One of the single weakest areas of this offense has been facing lefties. Specifically, left-handed starting pitchers who have held the Mets offense to a .614 OPS, compared to their .729 OPS versus righty starters. Most recently Wade Miley held the team to two runs over 6.1 IP.
This is in no small part due to the fact that guys like Kevin Pillar and Jose Peraza, who are meant to platoon against lefties, have actually been significantly worse against them this year. Hopefully the return of J.D. Davis can be a step in the right direction, but the Mets should take a serious look at some lefty-mashing hitters before July 31.
Here’s the problem: there aren’t many cheap, rental-type options for the Mets in this department. Someone like Michael A. Taylor might be a good fit on the surface, but he too has struggled mightily against LHP this season. On the other hand, if the front office can be pushed to make a swing-for-the-fences trade, there are huge upgrades to be made.
Bryant just seems like he fits the Mets in every way. Not the least of which is that he is currently crushing lefties to the tune of a 1.102 OPS. Bryant and the Mets have been linked in rumors since the winter, and with the Cubs firmly out of the playoff race, he seems like a lock to be traded.
Despite his pedigree, Bryant is also a free agent at the end of the season, meaning he should be obtainable without the Mets putting a significant dent in their farm system. On top of this, Bryant’s disputes with the Cubs front office means he will likely be looking to sign elsewhere this offseason, and the team that acquires him this July would likely be a frontrunner.

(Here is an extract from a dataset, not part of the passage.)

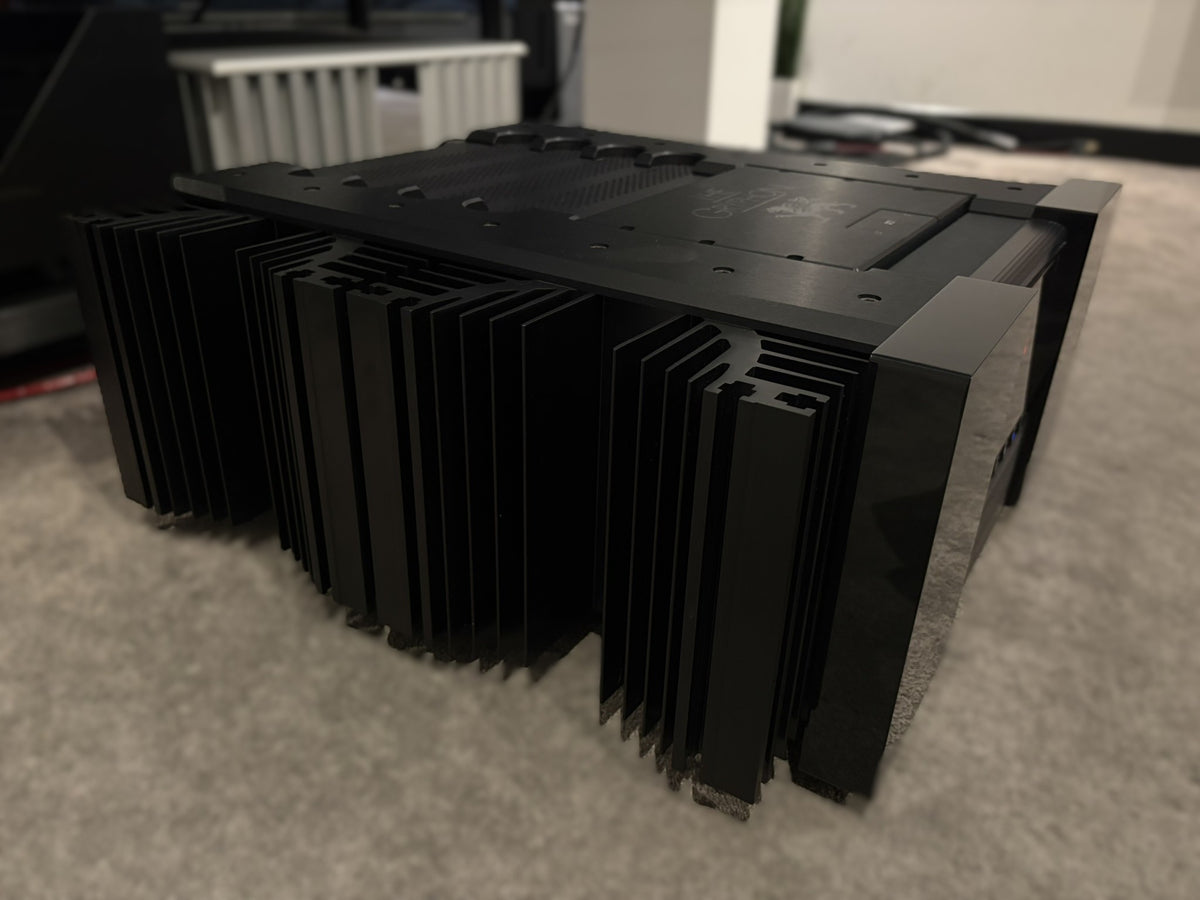 Gryphon Antileon Signature Stereo Power Amplifier - As Traded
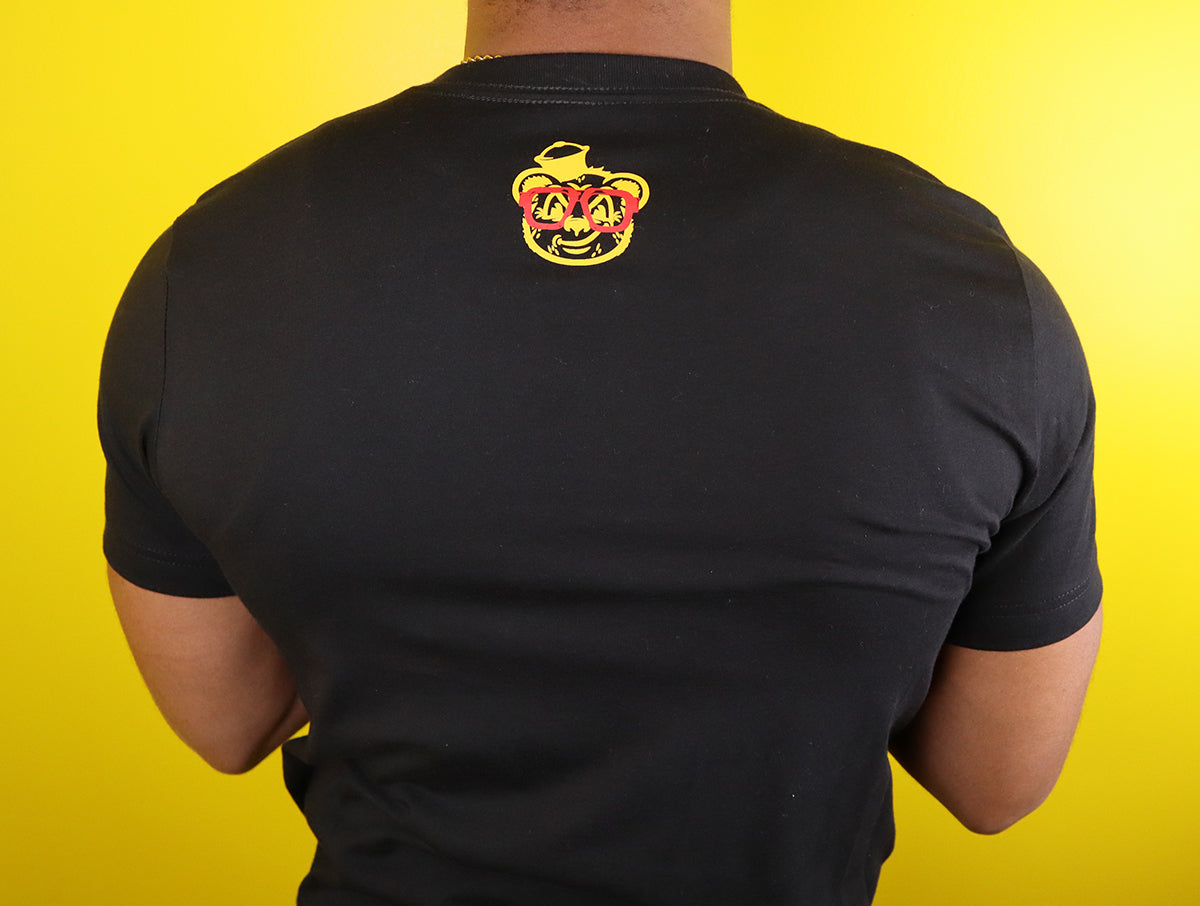 Barely "Threads Seal" Tee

Not to mention the fact that Bryant is a solid defender, and is versatile enough to play both corner infield positions and both corner outfield positions. He could become a consistent presence at third base, while also moving to LF against lefties when Davis slots in at 3B.
It’s worth noting that the Mets acquiring Kris Bryant isn’t a huge stretch of the imagination like trading for Max Scherzer. All indications are that Bryant will be traded, it’s just a matter of the Mets putting up the best offer. Also, just think about the lineups the Mets could put together if they can make a deal with the Cubs.
Truly, the Mets don’t have many options that are even in the same ballpark as Bryant. The fact is, the Mets don’t have many positions where they have room to upgrade. Most available righty hitters either wouldn’t be a significant upgrade over Pillar or wouldn’t be worth the cost considering the Mets already have three talented outfielders. The Mets are also locked in at 1B and 2B and have solid bench pieces in Luis Guillorme and Jonathan Villar.
That leaves 3B, where Bryant is clearly the best option of a group that also includes Josh Donaldson and few others. That leaves SS, where the Mets were booked up until Francisco Lindor suffered an oblique injury. The trade market here is stacked though, headlined by Trevor Story and Javier Baez, two slick-fielding power hitters. Again, however, even if the Mets wanted to try one of these guys out of position, they don’t have a spot with the team long-term like Bryant does.